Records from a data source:
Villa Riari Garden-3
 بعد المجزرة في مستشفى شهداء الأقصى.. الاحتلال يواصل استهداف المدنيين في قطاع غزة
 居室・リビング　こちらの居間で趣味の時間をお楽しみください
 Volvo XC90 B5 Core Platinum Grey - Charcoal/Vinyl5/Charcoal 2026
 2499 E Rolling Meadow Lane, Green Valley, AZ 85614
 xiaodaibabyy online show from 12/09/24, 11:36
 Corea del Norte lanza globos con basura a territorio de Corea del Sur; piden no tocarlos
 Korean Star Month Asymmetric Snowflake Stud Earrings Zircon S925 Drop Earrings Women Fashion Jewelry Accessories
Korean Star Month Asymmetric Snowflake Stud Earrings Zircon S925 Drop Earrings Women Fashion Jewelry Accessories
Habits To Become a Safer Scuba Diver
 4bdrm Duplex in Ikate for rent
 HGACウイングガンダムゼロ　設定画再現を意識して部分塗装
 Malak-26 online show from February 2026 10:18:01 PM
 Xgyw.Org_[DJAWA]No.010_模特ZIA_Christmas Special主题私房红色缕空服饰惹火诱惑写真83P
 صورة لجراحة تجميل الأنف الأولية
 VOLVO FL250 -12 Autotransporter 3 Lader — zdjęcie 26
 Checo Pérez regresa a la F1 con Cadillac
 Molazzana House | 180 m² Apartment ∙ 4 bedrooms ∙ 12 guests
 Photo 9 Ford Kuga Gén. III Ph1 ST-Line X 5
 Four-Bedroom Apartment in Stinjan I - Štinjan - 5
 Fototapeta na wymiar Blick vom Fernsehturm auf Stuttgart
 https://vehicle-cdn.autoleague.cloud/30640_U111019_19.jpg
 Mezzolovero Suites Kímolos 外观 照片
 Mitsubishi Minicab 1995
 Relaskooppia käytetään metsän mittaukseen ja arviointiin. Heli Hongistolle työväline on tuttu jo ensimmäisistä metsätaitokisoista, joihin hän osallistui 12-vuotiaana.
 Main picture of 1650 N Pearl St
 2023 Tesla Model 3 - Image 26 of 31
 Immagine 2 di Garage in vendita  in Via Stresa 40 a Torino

Exercise prompt:
Send back exactly the lines from the line with "Relaskooppia käytetään metsän" through the end of the records.

Task output:
 Relaskooppia käytetään metsän mittaukseen ja arviointiin. Heli Hongistolle työväline on tuttu jo ensimmäisistä metsätaitokisoista, joihin hän osallistui 12-vuotiaana.
 Main picture of 1650 N Pearl St
 2023 Tesla Model 3 - Image 26 of 31
 Immagine 2 di Garage in vendita  in Via Stresa 40 a Torino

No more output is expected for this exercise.